The Indiana program is open to families earning 150% of the income required to qualify for the federal free lunch program and is capped at 7,500 students for the first year and 15,000 for the second year. The value of the voucher is capped at $4,500 for students in grades 1 through 8.
New Jersey’s voucher bill, dubbed the Opportunity Scholarship Act, was released in February by the Assembly Commerce Committee, would offer scholarships to 40,000 low-income public school students in 13 districts statewide. The scholarship would allow the student to attend a private or religious school. High school students would be eligible for up to $11,000 per year in tuition money while elementary schools could get as much as $8,000.
The program would be funded by business through a series of tax credits and is expected to cost the state as much as $800 million by the end of its 5th year of operation.
But Democrats now say the bill is too ambitious and have demanded it be scaled back to include far fewer than the 13 proposed districts.

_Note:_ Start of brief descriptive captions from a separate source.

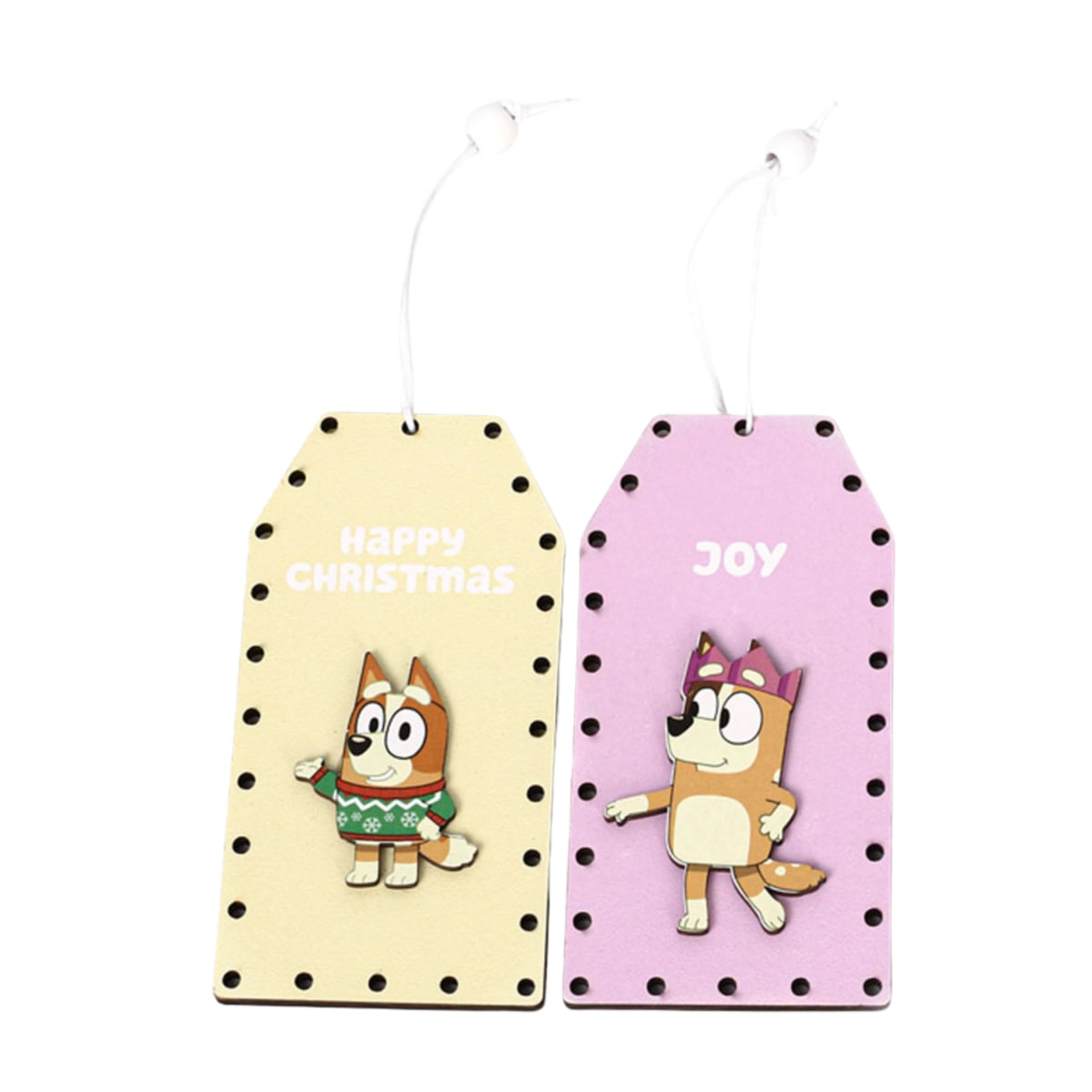 Set de adorno arbol navidad Bluey X4 unds 12cm Modelo 44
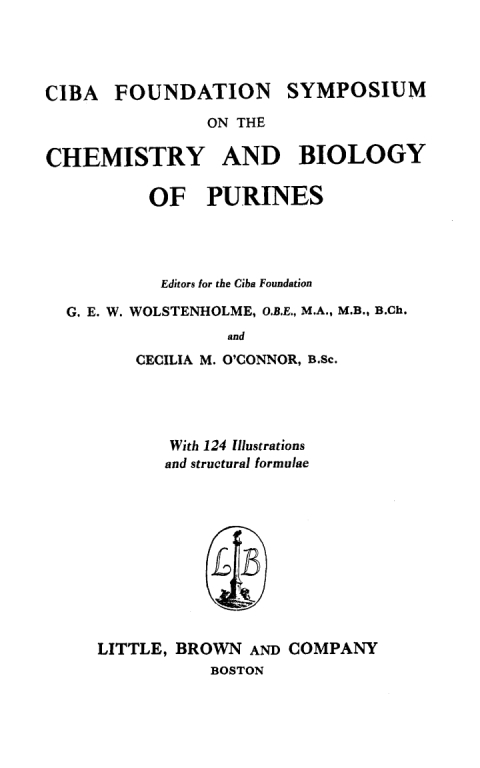 Cover image for book Chemistry and Biology of Purines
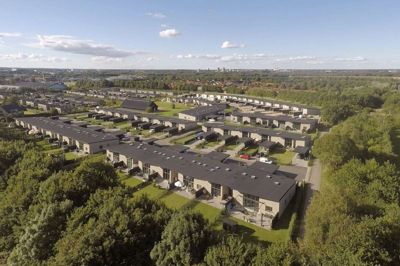 Ejendomsudviklerfirmaet Fink Ejendomme har blandt andet bygget nyt i Lind. Foto: PR-foto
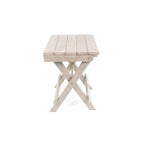 San Juan Fully Assembled All-Weather Recycled HDPE Outdoor Folding Bistro table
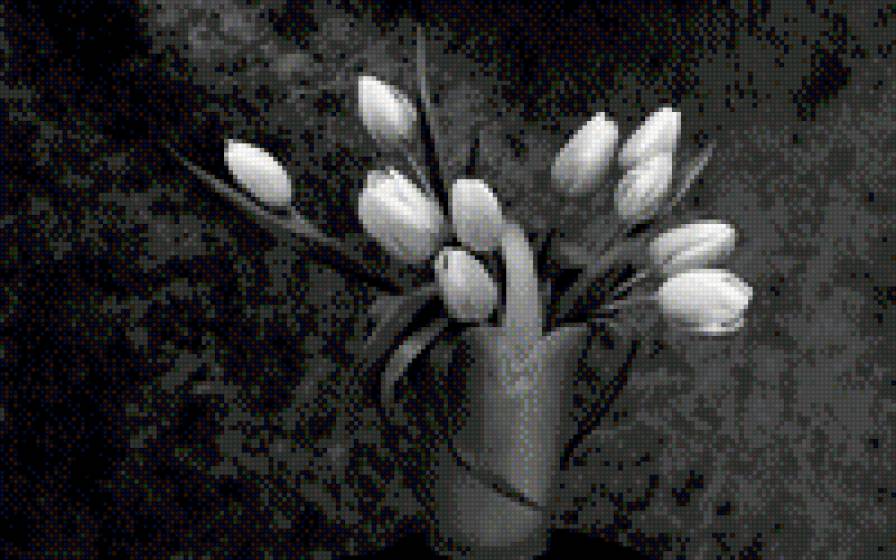 Тюльпаны - ваза, тюльпаны, натюрморт - предпросмотр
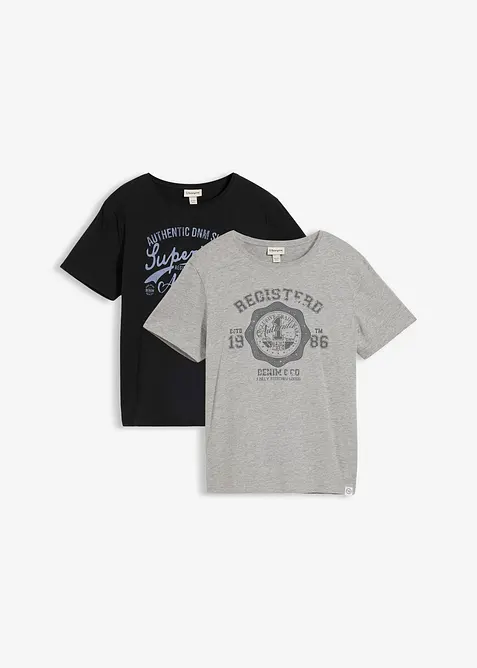 Lot de 2 T-shirts, bonprix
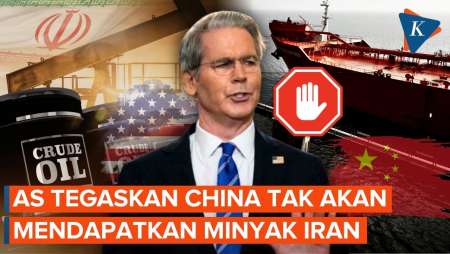 Menkeu AS Sesumbar Minyak Iran Tak Akan Mengalir Ke China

The debate over vouchers prompted Gov. Chris Christie to accuse opponents of being controlled by special interests including the state’s largest teachers union, which also opposes the bill.
Some studies show that students who participate in voucher programs don’t perform significantly better than other students, but Christie and others in the education community insist that vouchers are necessary to save low-income students who are failing behind due to ineffective schools.